About this exercise:
Whenever the word "Process" appears in a line of the data below, copy that line.

Excerpted records:

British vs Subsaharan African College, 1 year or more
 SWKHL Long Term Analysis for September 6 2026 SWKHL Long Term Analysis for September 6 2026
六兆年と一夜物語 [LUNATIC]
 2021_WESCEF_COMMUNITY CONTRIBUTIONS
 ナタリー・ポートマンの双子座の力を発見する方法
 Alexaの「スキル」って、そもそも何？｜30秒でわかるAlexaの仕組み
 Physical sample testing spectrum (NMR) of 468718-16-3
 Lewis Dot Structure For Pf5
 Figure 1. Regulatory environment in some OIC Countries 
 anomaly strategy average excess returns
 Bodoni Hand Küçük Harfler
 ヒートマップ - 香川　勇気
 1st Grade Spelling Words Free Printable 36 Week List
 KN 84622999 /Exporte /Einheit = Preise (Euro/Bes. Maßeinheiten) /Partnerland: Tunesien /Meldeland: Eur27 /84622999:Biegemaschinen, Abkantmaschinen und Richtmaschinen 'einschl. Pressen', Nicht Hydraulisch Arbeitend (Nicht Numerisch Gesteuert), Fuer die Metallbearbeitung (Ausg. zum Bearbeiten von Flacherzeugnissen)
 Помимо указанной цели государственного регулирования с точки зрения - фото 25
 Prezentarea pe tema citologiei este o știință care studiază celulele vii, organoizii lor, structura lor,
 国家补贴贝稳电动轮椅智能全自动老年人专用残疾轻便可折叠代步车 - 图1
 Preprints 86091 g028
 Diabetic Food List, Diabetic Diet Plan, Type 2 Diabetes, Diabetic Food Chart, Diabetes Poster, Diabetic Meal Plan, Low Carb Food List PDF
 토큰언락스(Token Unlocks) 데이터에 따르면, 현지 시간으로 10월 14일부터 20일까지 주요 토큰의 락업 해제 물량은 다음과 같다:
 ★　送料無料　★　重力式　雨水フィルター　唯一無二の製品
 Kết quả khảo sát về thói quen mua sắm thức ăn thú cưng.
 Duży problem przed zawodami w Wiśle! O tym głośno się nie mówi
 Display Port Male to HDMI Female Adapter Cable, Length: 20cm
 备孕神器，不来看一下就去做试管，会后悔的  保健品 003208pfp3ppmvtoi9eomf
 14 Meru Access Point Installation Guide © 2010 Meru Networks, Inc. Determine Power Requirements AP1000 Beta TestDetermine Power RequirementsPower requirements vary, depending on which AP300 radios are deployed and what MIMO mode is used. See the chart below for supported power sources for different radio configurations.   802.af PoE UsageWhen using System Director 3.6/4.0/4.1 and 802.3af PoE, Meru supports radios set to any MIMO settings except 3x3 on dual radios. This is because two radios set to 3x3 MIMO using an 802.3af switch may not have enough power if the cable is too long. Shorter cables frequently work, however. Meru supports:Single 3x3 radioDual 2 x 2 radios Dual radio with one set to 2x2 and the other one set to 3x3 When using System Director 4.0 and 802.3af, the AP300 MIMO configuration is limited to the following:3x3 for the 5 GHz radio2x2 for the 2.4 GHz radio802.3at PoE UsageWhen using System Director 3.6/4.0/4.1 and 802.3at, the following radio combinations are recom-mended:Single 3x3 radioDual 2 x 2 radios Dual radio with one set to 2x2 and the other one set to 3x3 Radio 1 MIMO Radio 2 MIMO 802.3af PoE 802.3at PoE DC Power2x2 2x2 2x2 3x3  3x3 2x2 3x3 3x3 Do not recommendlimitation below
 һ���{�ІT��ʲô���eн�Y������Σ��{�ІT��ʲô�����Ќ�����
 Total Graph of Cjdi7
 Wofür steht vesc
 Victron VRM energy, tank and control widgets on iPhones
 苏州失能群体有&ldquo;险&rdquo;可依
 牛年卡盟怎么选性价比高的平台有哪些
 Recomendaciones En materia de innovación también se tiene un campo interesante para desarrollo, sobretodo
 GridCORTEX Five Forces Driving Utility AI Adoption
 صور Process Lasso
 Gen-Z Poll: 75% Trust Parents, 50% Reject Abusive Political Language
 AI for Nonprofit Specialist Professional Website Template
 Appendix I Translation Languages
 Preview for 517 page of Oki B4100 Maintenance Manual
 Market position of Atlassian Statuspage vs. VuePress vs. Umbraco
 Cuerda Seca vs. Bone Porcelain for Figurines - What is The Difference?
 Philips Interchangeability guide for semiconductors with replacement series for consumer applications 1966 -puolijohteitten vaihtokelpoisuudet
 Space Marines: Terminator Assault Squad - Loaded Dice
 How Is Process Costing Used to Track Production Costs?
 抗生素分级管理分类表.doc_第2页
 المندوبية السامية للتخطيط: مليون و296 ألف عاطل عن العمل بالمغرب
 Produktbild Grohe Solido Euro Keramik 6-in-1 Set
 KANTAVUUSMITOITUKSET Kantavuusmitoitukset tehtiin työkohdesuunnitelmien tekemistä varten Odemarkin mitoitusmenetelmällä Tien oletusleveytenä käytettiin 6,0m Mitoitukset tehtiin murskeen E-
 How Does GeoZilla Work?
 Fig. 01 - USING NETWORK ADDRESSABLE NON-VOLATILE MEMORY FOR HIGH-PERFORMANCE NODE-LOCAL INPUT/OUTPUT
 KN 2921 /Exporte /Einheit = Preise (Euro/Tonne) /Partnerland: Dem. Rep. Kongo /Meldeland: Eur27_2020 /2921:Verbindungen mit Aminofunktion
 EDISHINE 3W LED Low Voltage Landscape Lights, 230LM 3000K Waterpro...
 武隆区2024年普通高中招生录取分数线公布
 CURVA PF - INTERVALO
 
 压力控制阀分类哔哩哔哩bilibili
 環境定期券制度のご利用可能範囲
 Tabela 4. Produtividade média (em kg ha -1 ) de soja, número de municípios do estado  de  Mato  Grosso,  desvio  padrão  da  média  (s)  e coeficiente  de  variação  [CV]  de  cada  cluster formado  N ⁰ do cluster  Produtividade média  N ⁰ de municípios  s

Finished task:
 صور Process Lasso
 How Is Process Costing Used to Track Production Costs?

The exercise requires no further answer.